Per affrontare questa fase è bene avere accanto una persona del cuore, che potrebbe essere il partner, ma anche un’amica o la propria mamma. In ospedale, ci prenderà in carico un’ostetrica, che monitorerà il decorso del travaglio e ci aiuterà anche a sopportare meglio il dolore. La donna dovrebbe poter scegliere quali posizioni assumere, se stare in piedi o sdraiata, se desidera trovare sollievo con l’acqua, magari facendo una doccia tiepida, o ricorrere all’analgesia epidurale.

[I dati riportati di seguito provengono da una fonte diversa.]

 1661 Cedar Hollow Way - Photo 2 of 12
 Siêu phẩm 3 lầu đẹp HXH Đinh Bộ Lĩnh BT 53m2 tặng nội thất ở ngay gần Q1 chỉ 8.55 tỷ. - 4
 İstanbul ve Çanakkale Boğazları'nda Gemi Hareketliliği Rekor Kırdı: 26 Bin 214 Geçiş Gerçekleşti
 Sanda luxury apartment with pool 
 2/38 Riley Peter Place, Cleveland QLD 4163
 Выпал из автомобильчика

Tra il periodo dilatante e quello espulsivo potrà verificarsi una fase detta di latenza, che durerà fino a quando sentiremo il premito, cioè la voglia di spingere. In che cosa consiste? La fase latente serve al corpo per riprendersi e soprattutto trovare le forze per far nascere il bambino. È una pausa che il nostro corpo ci dà: le contrazioni, infatti, potrebbero rallentare.

Fase espulsiva

La fase espulsiva è la fase della nascita, ma anche la fase delle spinte. È qui che la donna capisce come affrontare il parto, perché le verrà naturale. Anzi, probabilmente l’ostetrica continuerà a ricordarle di spingere solo quando arriva la contrazione. È una danza che mamma e bimbo compiono. Devono solo trovare il ritmo giusto. Se non lo abbiamo ancora fatto e i dolori si fanno insopportabili e troppo intensi possiamo richiedere l'epidurale anche in questa fase, che allevierà il dolore ma non ci impossibiliterà nelle spinte.

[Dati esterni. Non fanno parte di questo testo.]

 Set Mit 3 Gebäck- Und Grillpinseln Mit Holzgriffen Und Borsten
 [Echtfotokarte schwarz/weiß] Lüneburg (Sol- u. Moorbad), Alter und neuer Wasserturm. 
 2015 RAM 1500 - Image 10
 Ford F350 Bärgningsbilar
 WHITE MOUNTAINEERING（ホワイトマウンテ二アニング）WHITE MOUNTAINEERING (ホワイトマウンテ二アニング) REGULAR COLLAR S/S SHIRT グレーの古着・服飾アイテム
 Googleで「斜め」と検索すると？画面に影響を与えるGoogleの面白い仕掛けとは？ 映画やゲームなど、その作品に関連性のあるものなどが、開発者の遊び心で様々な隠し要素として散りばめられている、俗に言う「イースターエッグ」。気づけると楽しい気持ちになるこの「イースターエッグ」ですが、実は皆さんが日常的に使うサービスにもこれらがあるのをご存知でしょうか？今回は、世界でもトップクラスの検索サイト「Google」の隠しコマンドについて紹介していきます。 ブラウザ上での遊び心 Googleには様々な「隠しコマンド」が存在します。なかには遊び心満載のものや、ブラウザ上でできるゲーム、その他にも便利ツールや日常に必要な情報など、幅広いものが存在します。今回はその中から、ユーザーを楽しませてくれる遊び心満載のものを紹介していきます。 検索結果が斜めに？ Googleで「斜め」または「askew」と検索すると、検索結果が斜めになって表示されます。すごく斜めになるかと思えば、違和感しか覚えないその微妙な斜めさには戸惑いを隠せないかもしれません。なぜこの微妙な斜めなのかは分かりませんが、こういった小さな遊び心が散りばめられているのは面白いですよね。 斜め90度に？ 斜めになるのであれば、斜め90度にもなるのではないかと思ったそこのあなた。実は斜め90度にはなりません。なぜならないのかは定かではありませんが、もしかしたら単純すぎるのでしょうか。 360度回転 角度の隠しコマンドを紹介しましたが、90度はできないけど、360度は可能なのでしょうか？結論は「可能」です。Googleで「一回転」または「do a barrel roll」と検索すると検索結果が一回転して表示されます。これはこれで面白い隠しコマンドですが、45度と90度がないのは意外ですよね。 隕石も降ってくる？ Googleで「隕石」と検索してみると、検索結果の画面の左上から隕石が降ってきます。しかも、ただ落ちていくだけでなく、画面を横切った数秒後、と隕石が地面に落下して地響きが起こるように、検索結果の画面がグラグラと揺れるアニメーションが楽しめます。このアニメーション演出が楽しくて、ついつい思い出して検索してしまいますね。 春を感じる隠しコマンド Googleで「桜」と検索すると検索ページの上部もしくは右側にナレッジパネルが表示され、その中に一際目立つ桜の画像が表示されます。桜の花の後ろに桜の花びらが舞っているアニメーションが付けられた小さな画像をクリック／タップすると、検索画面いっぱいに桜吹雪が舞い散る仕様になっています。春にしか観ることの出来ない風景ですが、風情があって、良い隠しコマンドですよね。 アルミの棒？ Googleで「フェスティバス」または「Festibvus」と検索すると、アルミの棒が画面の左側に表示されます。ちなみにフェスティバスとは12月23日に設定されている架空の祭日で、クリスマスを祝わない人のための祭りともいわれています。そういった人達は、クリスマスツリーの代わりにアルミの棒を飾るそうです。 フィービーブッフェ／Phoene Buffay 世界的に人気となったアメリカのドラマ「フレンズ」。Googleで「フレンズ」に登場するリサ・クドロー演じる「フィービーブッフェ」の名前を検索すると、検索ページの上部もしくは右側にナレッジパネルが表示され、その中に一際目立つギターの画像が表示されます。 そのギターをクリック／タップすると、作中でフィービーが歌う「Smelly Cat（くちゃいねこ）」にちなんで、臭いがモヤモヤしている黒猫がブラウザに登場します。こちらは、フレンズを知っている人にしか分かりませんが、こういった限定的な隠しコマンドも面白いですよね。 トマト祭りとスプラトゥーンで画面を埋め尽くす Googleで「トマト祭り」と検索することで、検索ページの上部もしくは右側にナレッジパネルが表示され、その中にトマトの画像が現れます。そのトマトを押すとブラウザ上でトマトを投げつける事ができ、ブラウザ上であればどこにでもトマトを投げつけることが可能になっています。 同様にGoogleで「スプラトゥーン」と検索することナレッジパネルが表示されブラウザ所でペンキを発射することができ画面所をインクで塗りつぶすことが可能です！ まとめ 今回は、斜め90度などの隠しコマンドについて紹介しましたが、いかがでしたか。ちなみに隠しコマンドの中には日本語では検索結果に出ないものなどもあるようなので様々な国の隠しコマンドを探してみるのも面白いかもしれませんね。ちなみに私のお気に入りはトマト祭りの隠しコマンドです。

Come aiutare la donna in questa fase? Durante il parto naturale, la mamma ha solo bisogno di essere incoraggiata e sostenuta. Potrebbe aver bisogno di bere o di zuccheri e poi di essere messa nella posizione più libera e comoda che desidera. La testa ci metterà un po’ ad uscire, potrebbero essere necessarie diverse spinte. Successivamente passeranno le spalle e poi con un ultimo sforzo il resto del corpo.

Parto

Secondamento

Il parto non termina con la nascita del bambino, ma con il secondamento. Che cos’è? L’utero inizierà nuovamente a contrarsi per permettere l’espulsione della placenta, che dovrà essere controllata dall’ostetrica. Quanto tempo ci vuole? Anche in questo caso il corpo si prenderà i suoi tempi e se non c’è perdita di sangue, bisogna aspettare un po'(mediamente 30 minuti). L’attacco precoce al seno può favorire le contrazioni dell’utero e quindi rendere il secondamento più veloce. L’ostetrica può, anche, intervenire con la somministrazione di una dose di ossitocina per favorire la contrazione dell’utero e la corretta formazione del globo di sicurezza (la forma che assume l'utero dopo la fuoriuscita del bambino).

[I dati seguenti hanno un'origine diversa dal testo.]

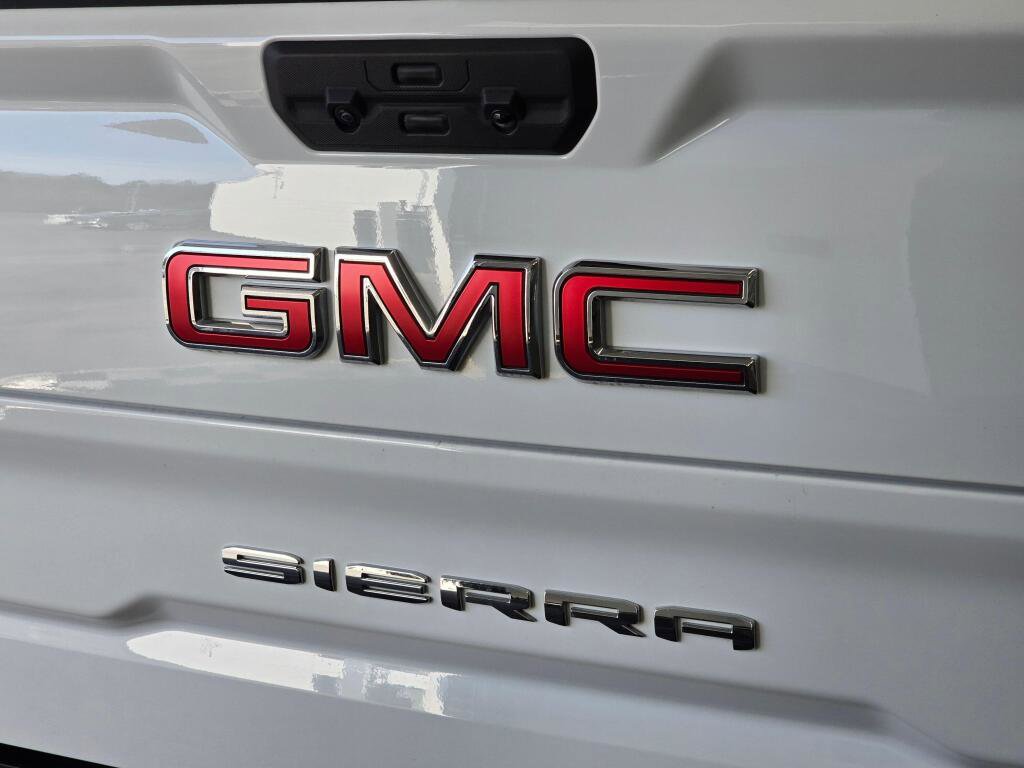 Used 2025 GMC Sierra 1500 SLT image 14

Se il secondamento fisiologico non avviene, si interviene manualmente con una pressione sulla pancia, la cosiddetta manovra di “Brandt-Andrews”. In che cosa consiste? Con la mano destra si spinge l’utero in alto e all’indietro, mentre con la sinistra si afferra il funicolo e si esegue una lieve contro-trazione del cordone ombelicale. È una manovra collaudata, ma ha dei rischi, ovvero, la ritenzione placentare, che si verifica quando le membrane fetali non vengono espulse completamente, e l’atonia uterina con la conseguenza di una perdita ematica importante. In questi casi, il ginecologo dovrà procedere chirurgicamente.

Una volta espulsa la placenta in modo naturale, come abbiamo anticipato, l’ostetrica ne controllerà l’integrità. Nel caso non fosse completa si dovrà procedere, dopo sedazione della paziente al raschiamento delle pareti interne dell’utero.

Insomma, per far nasce un bambino e soprattutto superare le fasi del parto ci vuole almeno una giornata, soprattutto al primo parto. Cerchiamo di vivere questo momento con serenità, perché è vero, le contrazioni fanno male, ma la nascita del proprio bambino è anche un’esperienza quasi magica.